Association tests can be conducted for contingency tables in cases a) where both variables are ordinal and b) where one variable is ordinal and one variable is nominal.
Ordinal × ordinal tables
The linear-by-linear test can be used to test the association among variables in a contingency table with ordered categories (Agresti, 2007). This test or a test with a similar function is sometimes called “ordinal chi-square” test. In Agresti, the method used is called the linear-by-linear association model.
In R, the test can be performed by permutation test with the coin package.
Association in ordinal tables can also be tested with
Kendall’s tau correlation. tau-b can be used for square tables
(with the same number of rows and columns). And tau-c can be used for
non-square tables.
Nominal × ordinal tables
An association test can also be performed on a contingency table with one ordered categorical variable and one non-ordered categorical variable.
The Cochran–Armitage test is a special case of this when the nominal variable has only two categories. The Cochran–Armitage test, however, can be “extended” in some software implementations to cases where the nominal variable has more than two categories.
Higher-dimensional tables
Most of the examples in this chapter use two-dimensional tables, although the coin package can handle three-dimensional tables. For three-dimensional analyses, it may be easier to use data in the long format, as is shown in the final example in this chapter.
Packages used in this chapter
The packages used in this chapter include:
• coin
• DescTools
• vcdExtra
• PMCMRplus
• rcompanion
The following commands will install these packages if they are not already installed:
if(!require(coin)){install.packages("coin")}
if(!require(DescTools)){install.packages("DescTools")}
if(!require(vcdExtra)){install.packages("vcdExtra")}
if(!require(PMCMRplus)){install.packages("PMCMRplus")}
if(!require(rcompanion)){install.packages("rcompanion")}
Tests for ordered contingency tables
Linear-by-linear test
The lbl_test function in the coin package will automatically treat the variables as ordered.

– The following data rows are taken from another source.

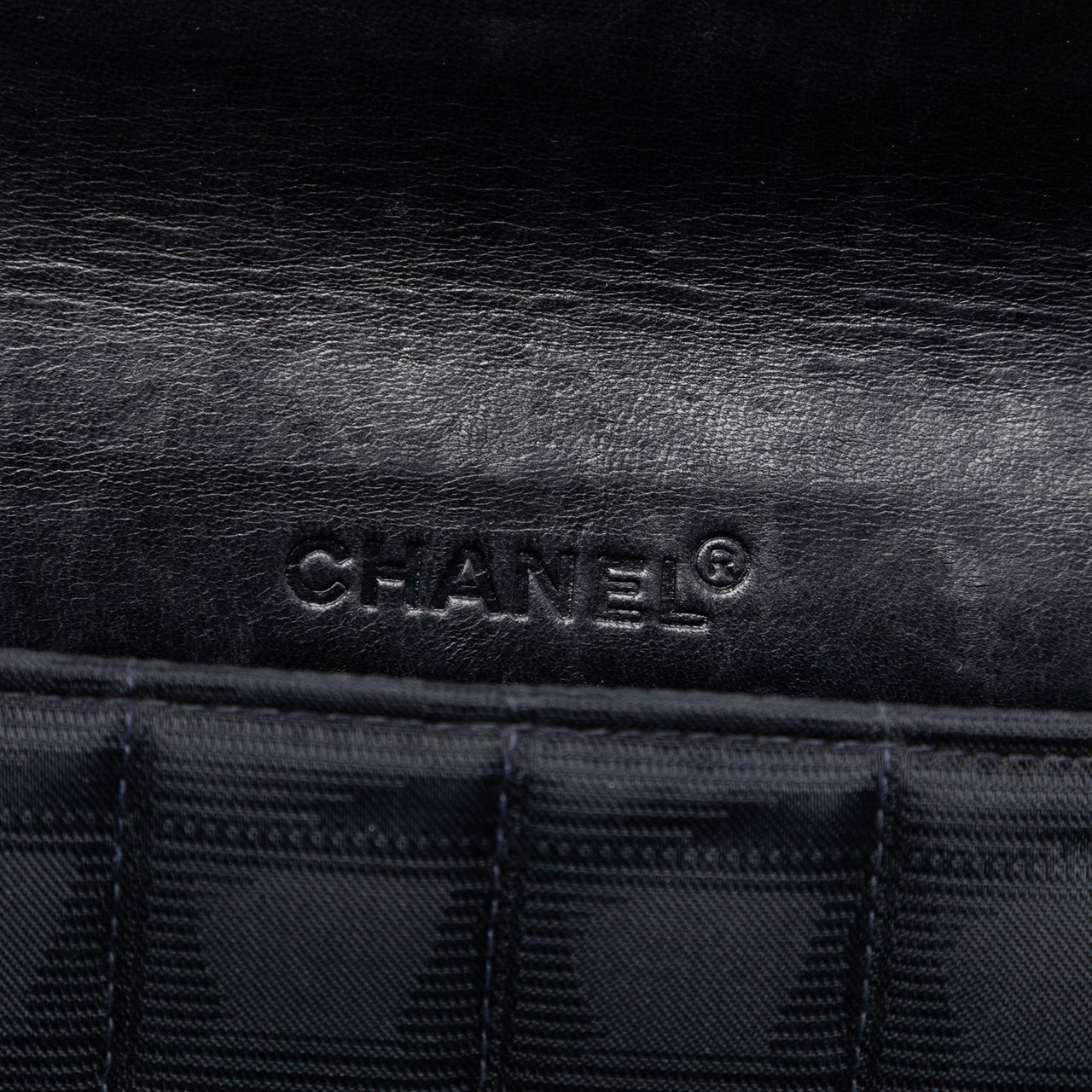 Chanel New Travel Line Nylon East West Flap Zwart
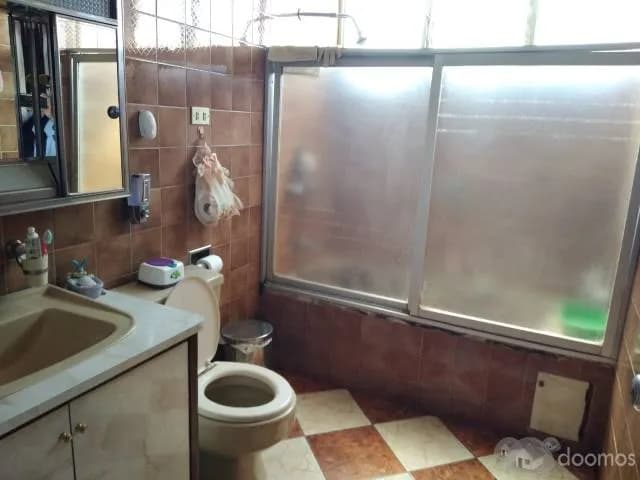 CASA CON LOCALES COMERCIALES - 2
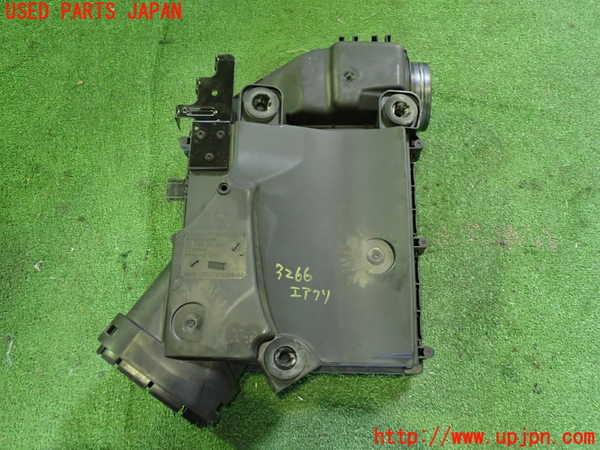 1UPJ-9232662560]BMW 640i クーペ(LW30C F13)エアクリーナーボックス 中古_4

By default, the levels are equally spaced, but the scores option can be used to specify the distance between the levels of each variable.

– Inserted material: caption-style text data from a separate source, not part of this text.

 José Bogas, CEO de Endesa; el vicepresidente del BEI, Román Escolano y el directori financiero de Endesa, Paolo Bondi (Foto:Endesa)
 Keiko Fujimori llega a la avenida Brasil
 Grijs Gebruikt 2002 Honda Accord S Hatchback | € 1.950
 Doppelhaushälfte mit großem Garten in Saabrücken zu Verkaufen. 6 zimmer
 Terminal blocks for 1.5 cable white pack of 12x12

The null hypothesis for the linear-by-linear test is that there is no association among the variables in the table. A significant p-value suggests that there is an association. This is similar to a chi-square test, except that the categories are ordered in nature.
Example of linear-by-linear test
For this hypothetical example, farmers were surveyed about how often they use some best management practice. Responses are organized according to the size of the operation. Both variables in the contingency table are ordered categories.

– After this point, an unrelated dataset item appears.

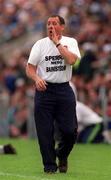 14 May 2000; Derry manager Eamonn Coleman during the Bank of Ireland Ulster Senior Football Championship Quarter-Final match between Cavan and Derry at Breffni Park in Cavan. Photo by David Maher/Sportsfile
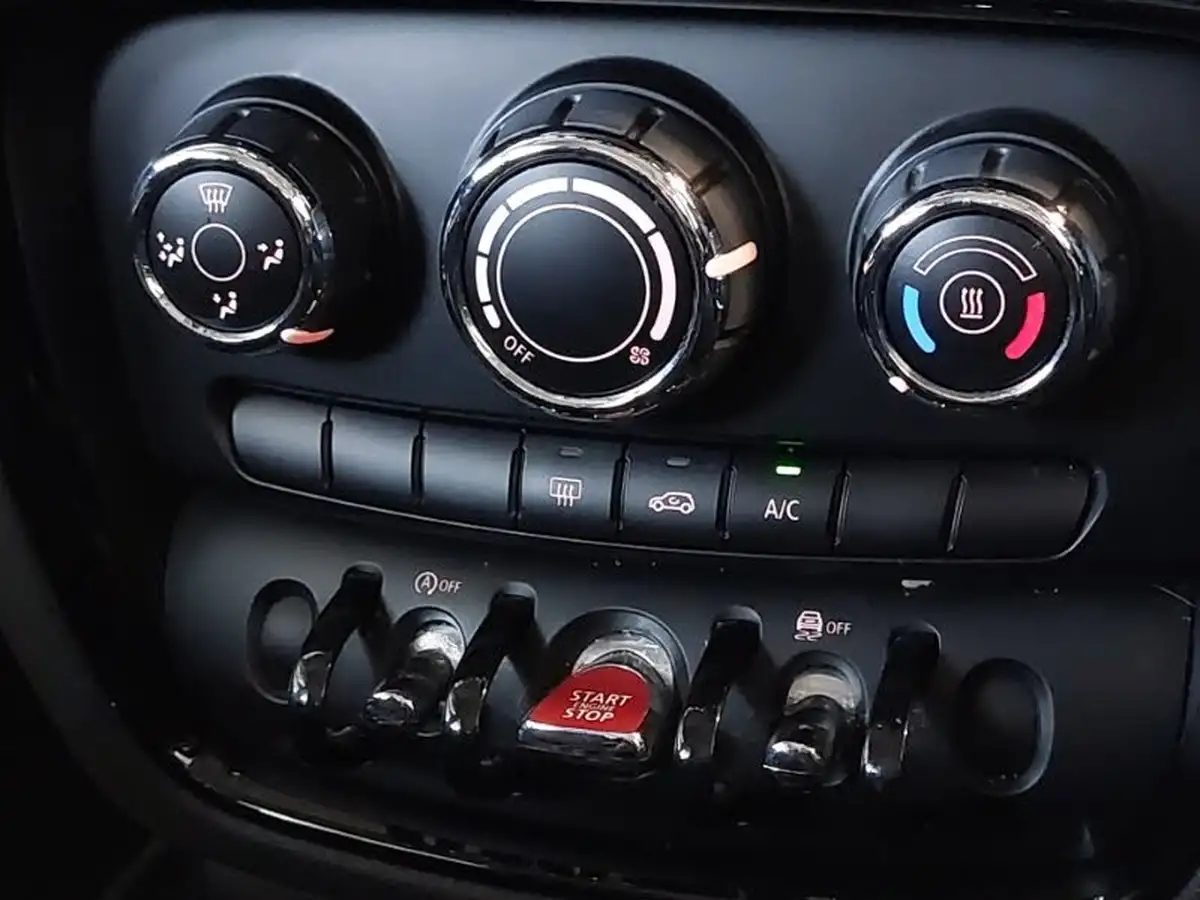 2018-mini-clubman-15-cooper-ss-big-12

Note the placement of the initial quote mark in the Input function. And that the read.ftable function is used in a second step.
Input =(
"Adopt Always Sometimes Never
Size
Hobbiest 0 1 5
Mom-and-pop 2 3 4
Small 4 4 4
Medium 3 2 0
Large 2 0 0
")
Tabla = as.table(read.ftable(textConnection(Input)))
Tabla
sum (Tabla)
prop.table(Tabla,
margin = NULL) ### proportion in the
table
Size Always Sometimes Never
Hobbiest 0.00000000 0.02941176 0.14705882
Mom-and-pop 0.05882353 0.08823529 0.11764706
Small 0.11764706 0.11764706 0.11764706
Medium 0.08823529 0.05882353 0.00000000
Large 0.05882353 0.00000000 0.00000000
spineplot(Tabla)
Spine plot for each level of Size showing the proportion of Always
(darkest gray), Sometimes (medium gray), and Never (lightest gray). The width
of the Size bars indicates the total number of counts in that bar.
library(coin)
LxL = lbl_test(Tabla)
LxL
Asymptotic Linear-by-Linear Association Test
data: Adopt (ordered) by Size (Hobbiest < Mom-and-pop < Small <
Medium < Large)
Z = -3.3276, p-value = 0.0008761
### Chi-square value, df = 1
statistic(LxL)^2
11.07262
The linear-by-linear test can also be conducted with the CMHtest function in the vcdExtra package. It is reported as cor in the output.
library(vcdExtra)
CMHtest(Tabla)
Cochran-Mantel-Haenszel Statistics for Size by Adopt
AltHypothesis Chisq Df Prob
cor Nonzero correlation 11.073 1 0.00087612
Compare to chi-square test without ordered categories
ChiSq = chisq_test(Tabla)
ChiSq
Asymptotic Pearson Chi-Squared Test
data: Adopt by Size (Hobbiest, Mom-and-pop, Small, Medium, Large)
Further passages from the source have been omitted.